I don’t have a finished piece of writing to put up here for today’s Friday Non-Dissertational. There are a few ideas I’ve had floating around, none of which I’ve begun to flesh out, and there are a few old pieces I’ve been meaning to revise but haven’t. The thing that’s most got my interest these days is stolen from a guy I knew when I was working on my MFA, a good guy named Bill Kirchner. Bill wrote a story I wish I’d written, where the protagonist sits in his car in the parking lot outside a diner, or maybe it was a bar, imagining himself in the place of the teenage chauffeur who drove Hank Williams on his last ride. I’d like to steal Bill’s idea, but change it a little. My version’s probably a lot more trite than Bill’s, but I’d like to actually put together a fictional account of that last ride and that last moment where the teenager sat in the parking lot knowing he had Hank Williams dead in his back seat, knowing he had to do something, tell someone.

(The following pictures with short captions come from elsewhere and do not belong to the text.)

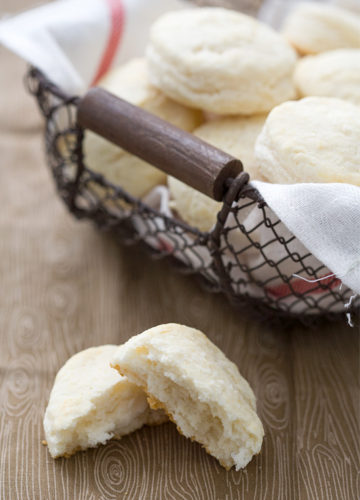 Light and Fluffy Buttermilk Biscuits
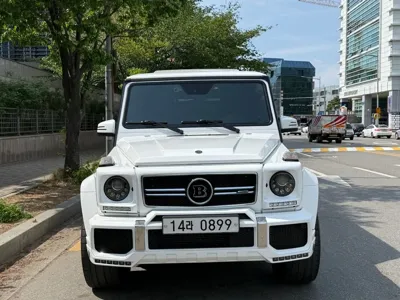 Mercedes-Benz G-Class 2015, 46753 км, за 95000000 KRW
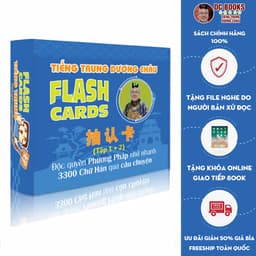 Thumbnail Flashcard Từ Vựng Tiếng Trung 12 - Thẻ Học Từ Vựng HSK 1+2 - Phạm Dương Châu 1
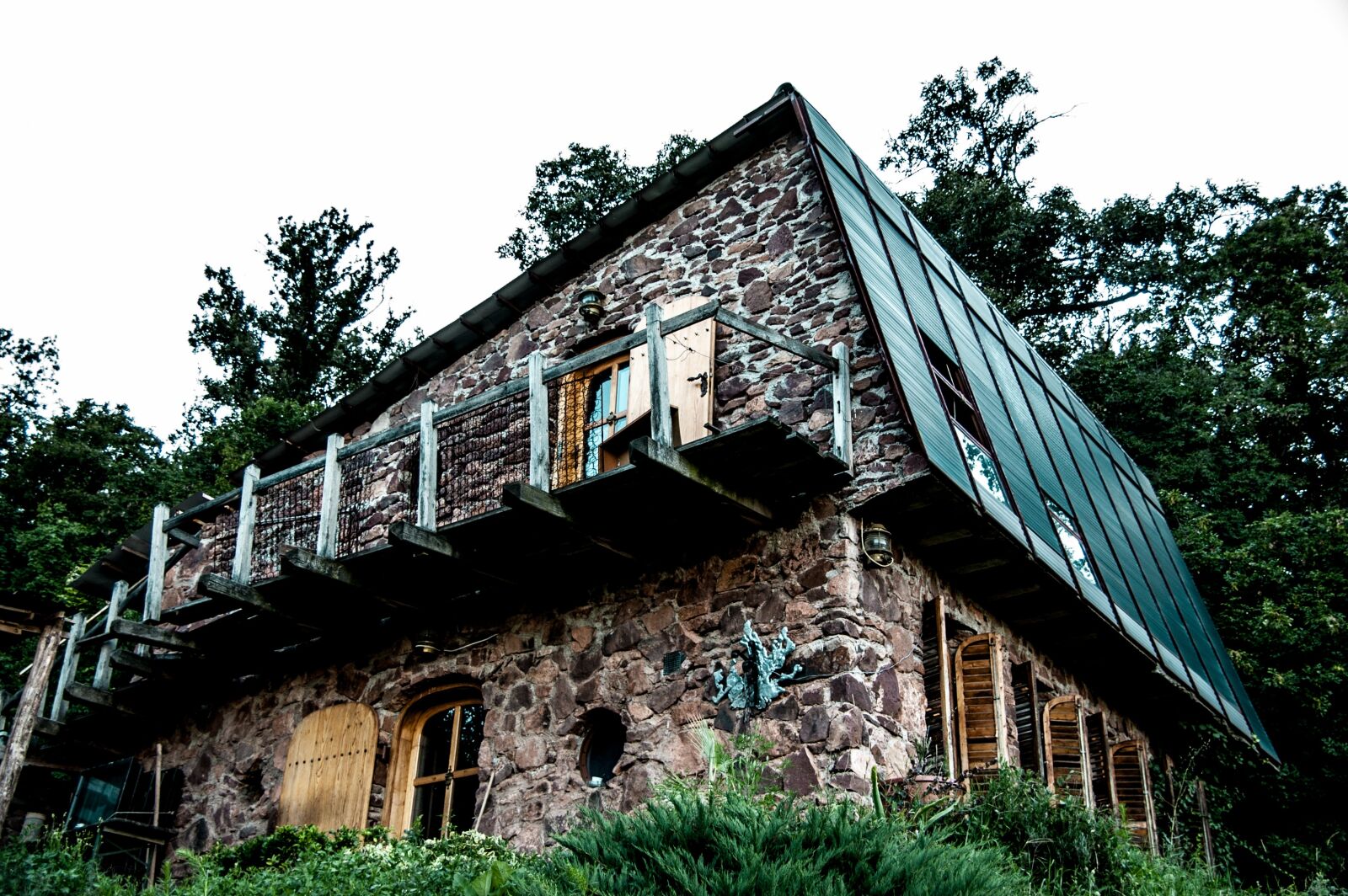 Nikon D40 sample photo. House, country, land photography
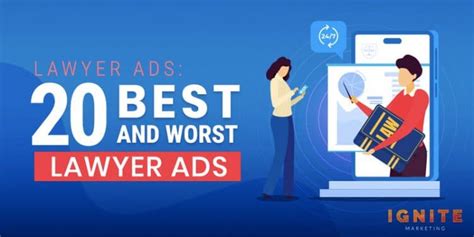 Lawyer Ads 20 Best And Worst Lawyer Ads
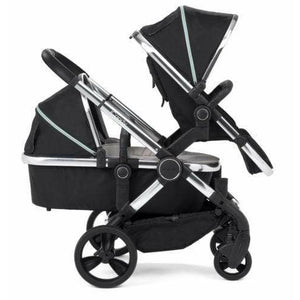 iCandy Peach Blossom Stroller – Chrome/Beluga – Toddler & Newborn - Baby Lavish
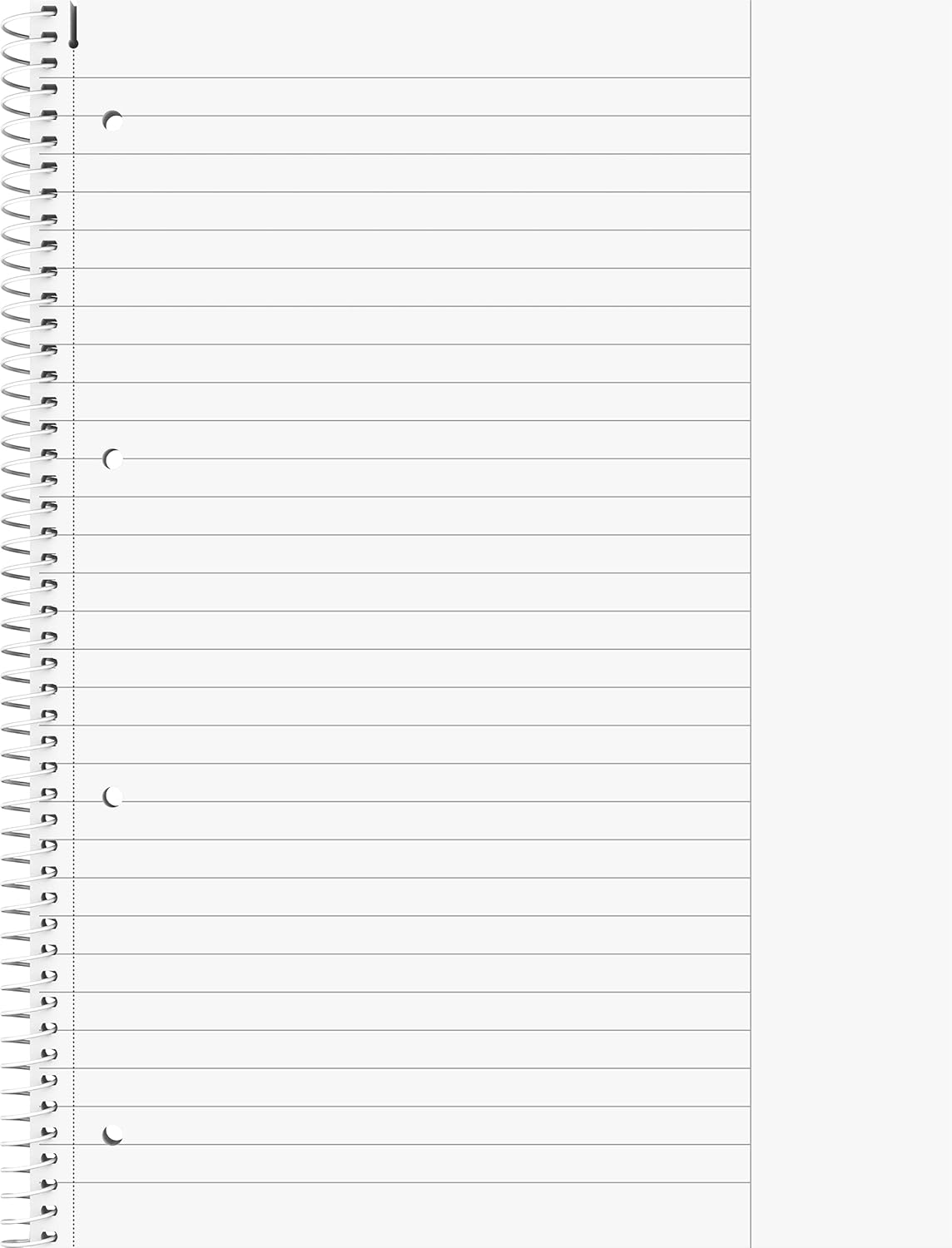 Brunnen 1067925123 Student Colour Code Notepad (A4 Lined, Line Style 25, 90 g/m², 80 Sheets) Red (Pack of 2) – Bild 3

The teenager was Charles Carr, an 18-year-old freshman at Auburn, who Hank Williams had paid $400 to get him to a show on New Year’s Day in Canton, Ohio. It was snowing all across the Southeast on New Year’s Eve when Charlie drove Hank’s brand new baby blue Series 62 Cadillac Convertible Coupe into Knoxville, and the two of them got a room at the 17-story Andrew Johnson hotel. Hank was already a country superstar, with hits like “I’m So Lonesome I Could Cry” and “Why Don’t You Love Me” and “Cold, Cold Heart”. In December 1952, there were more recent singles as well, such as “I’ll Never Get Out of This World Alive” and “Jambalaya”. “Your Cheatin’ Heart” would not be released until after Hank’s death.
At 29, Hank was in bad shape. He stood six feet two inches tall and weighed all of 130 pounds. The night of December 31, 1952, a local doctor named Paul Cardwell was summoned because Hank had been having convulsions. He gave Hank injections of vitamin B-12 and morphine. The promoter of the show in Canton called them later that evening and told Hank that they had to be there by a certain time the following day or Hank wouldn’t get paid. Charlie had the hotel porters help him get Hank out of the hotel in a wheelchair and load him into the back of the Cadillac. They checked out at 10:45 p.m. and got onto Highway 11W, driving northeast.

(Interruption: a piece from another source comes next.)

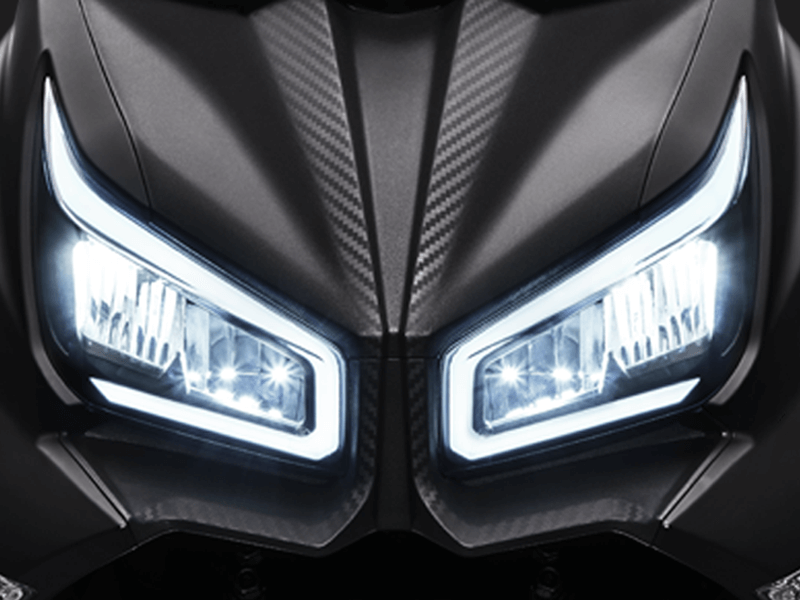 Dual LED Headlight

The roads were bad. At 11:45 p.m., Charlie was stopped and ticketed by state police corporal Swann Kitts. Seeing Hank passed out in the back seat, Kitts commented his paleness. Charlie told him about the injections, and said Williams had drank some beer, as well.
After being ticketed, Charlie made it another 200 miles northeast to the town of Bristol, where Hank woke up briefly, and Charlie got some food. They drove on through the dark and snow.
Near dawn, around 5:30 a.m. New Year’s Day, Charlie pulled into the parking lot of Burdette’s Pure Oil Station in Oak Hill West Virgina. He turned back to adjust Hanks’ blanket. Hank didn’t respond. When Charlie touched him, he was cold.
And that’s the moment I’d want to write about, if I could get the rest of the research straight, if I knew what that road looked like and that place, sitting there in the parking lot with the huge flakes of snow drifting down in the pre-dawn darkness, seeing the yellow light on in the window of the service station, eighteen years old and knowing, somehow, you had to go in there and tell them that your passenger, Hank Williams, was dead.